1870 saw three pictures of Mr. Yeames’s at the Academy: they were “Maundy Thursday,” a lady washing the feet of poor women in a castle hall; “Visit to the Haunted Chamber,” which, to their terror and that of the rats they disturb, some damsels have entered; and “Love’s Young Dream.” The remaining exhibited works of the painter will be remembered by my readers. They were “Doctor Harvey and the Children of Charles I.” {56} and “The Prisoner and his Guests” (1871); “The Old Parishioner” and “A Rest by the River Side” (1872); “Pleading the Old Cause,” “The Morning Rehearsal,” and “The Path of Roses” (1873); “The Appeal to the Podestà,” a Florentine incident, “Flowers for Hall and Bower,” “Pulpit Decorations for Harvest Home,” and “The Christening” (1874); “Pour les Pauvres” and “The Suitor” (1875); “La Contadinella,” “The Last Bit of Scandal,” and “Campo dei SS. Apostoli, Venice” (1876); “Waking,” “Amy Robsart,” the corpse of the lady lying at the foot of a staircase, two men staring at it from above with horror—this picture was bought by the Academicians with the Chantrey Fund—“The Fair Royalist,” a pastel study, and a portrait (1877).

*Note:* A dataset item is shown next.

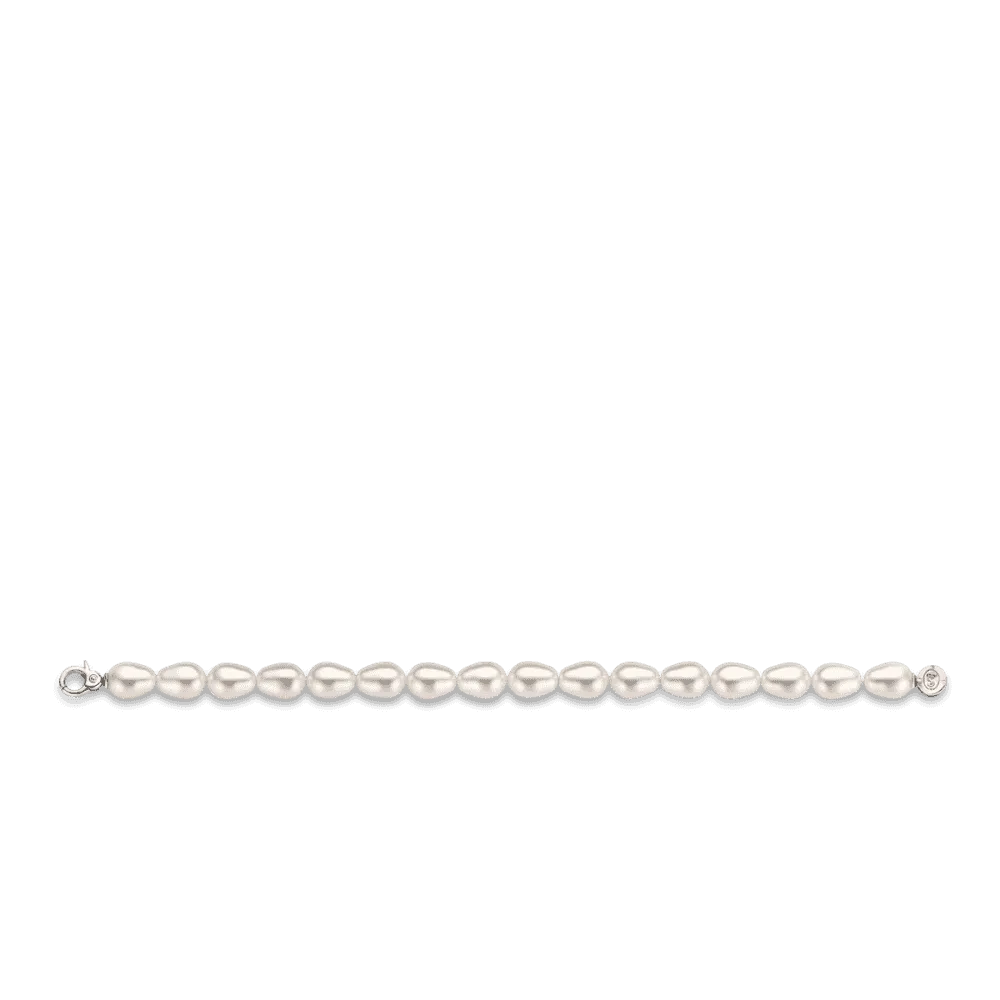 Milano Pearl Bracelet - Silver - 2996PW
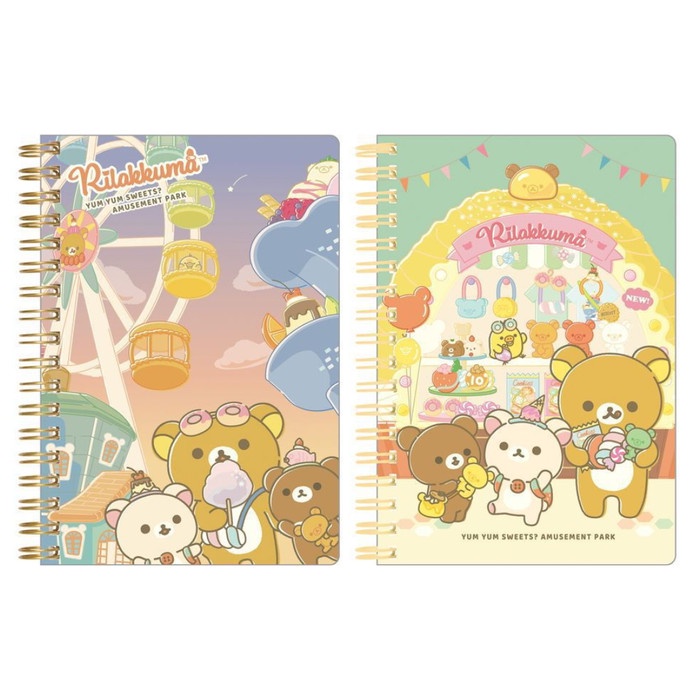 

Pad Notebook B6 San-X Rilakkuma 120 Sheets Amusement Park Edition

“When did you last see your father?” a picture which is, on the whole, our painter’s best, represented commissioners and soldiers of the Long Parliament questioning the inmates of a manor-house as to the whereabouts of its master. A commissioner addresses a question in the terms of the title to a handsome little boy who, standing on a stool at the foot of a table with his hands behind him, hesitates, with charming ingenuousness, to answer the perilous demand. The man sits looking at the child, and rests his chin upon the backs of his hands, which are folded together. A young girl, who is weeping, stands behind her brother, and is under the charge of a stalwart, not pitiless, soldier. The mother of these children and their elder sister are in the background watching the event; the former turns her face towards us with mingled hope, pride, and fear for the noble little fellow. The painter’s election as a Royal Academician on the 19th of June, 1878, was considered a foregone conclusion when this capital piece was exhibited. The force of pictorial and pathetic melodrama could no farther go.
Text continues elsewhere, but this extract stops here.